UNPUBLISHED
UNITED STATES COURT OF APPEALS
FOR THE FOURTH CIRCUIT
No. 06-4790
UNITED STATES OF AMERICA,
Plaintiff - Appellee,
versus
RODNEY TERRELL NEWSOME,
Defendant - Appellant.
Appeal from the United States District Court for the Eastern
District of North Carolina, at Raleigh. Malcolm J. Howard, Senior
District Judge. (5:02-cr-00048-H)
Submitted: February 22, 2007 Decided: February 28, 2007
Before WILLIAMS, MOTZ, and SHEDD, Circuit Judges.
Affirmed by unpublished per curiam opinion.
Thomas P. McNamara, Federal Public Defender, Stephen C. Gordon,
Assistant Federal Public Defender, Raleigh, North Carolina, for
Appellant. George E. B. Holding, United States Attorney, Anne M.
Hayes, Christine Witcover Dean, Assistant United States Attorneys,
Raleigh, North Carolina, for Appellee.
Unpublished opinions are not binding precedent in this circuit.
PER CURIAM:
Following a hearing at which Rodney T. Newsome was found
to have violated conditions of his supervised release, the district
court revoked his supervised release and sentenced him to twelve
months and one day in prison. Newsome appealed. Finding no
reversible error, we affirm.
We review sentences imposed upon the revocation of
supervised release to determine whether the sentence is “plainly
unreasonable.” See United States v. Crudup, 461 F.3d 433 (4th Cir.

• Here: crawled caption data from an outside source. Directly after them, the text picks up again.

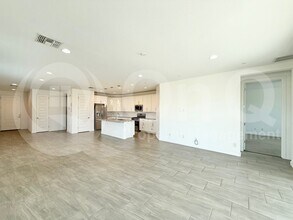 6908 S 12th Way in Phoenix, AZ - Building Photo - Building Photo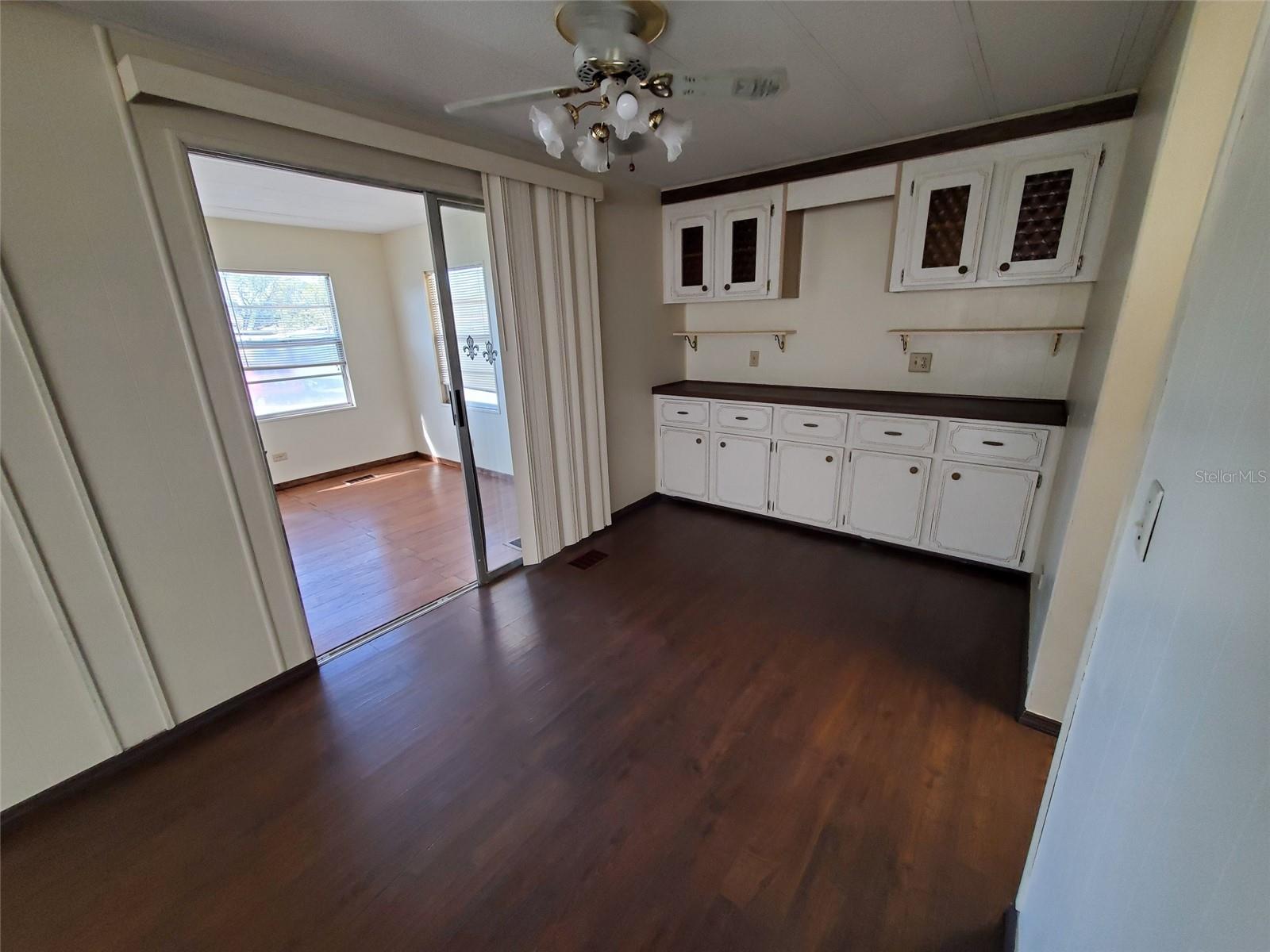 39143 FLORA AVE, ZEPHYRHILLS, FL, 33542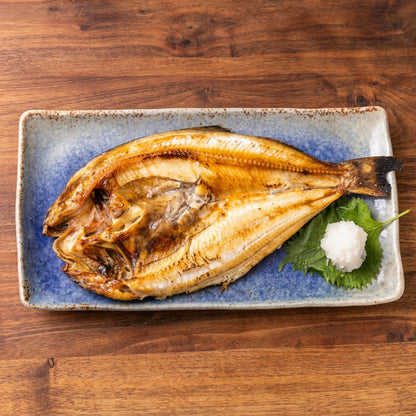 北海道 噴火湾 特大 ほっけ 干物 2枚 (400g~ 450g×2枚)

2006). Newsome’s sentence was nearly nine months below the
guidelines sentencing range of 21-24 months, and the court stated
a proper basis for its conclusion that Newsome be sentenced to
twelve months and one day of imprisonment. The court considered
that Newsome was the primary caretaker for his teenage son,
however, noted Newsome’s repeated criminal conduct and his failure
to notify his probation officer of being arrested. Because
Newsome’s sentence was neither procedurally nor substantively
unreasonable, we find that his sentence is not plainly
unreasonable.
Accordingly, we affirm the district court’s
determination. We dispense with oral argument because the facts
and legal contentions are adequately set forth in the materials
before the Court and argument would not aid the decisional process.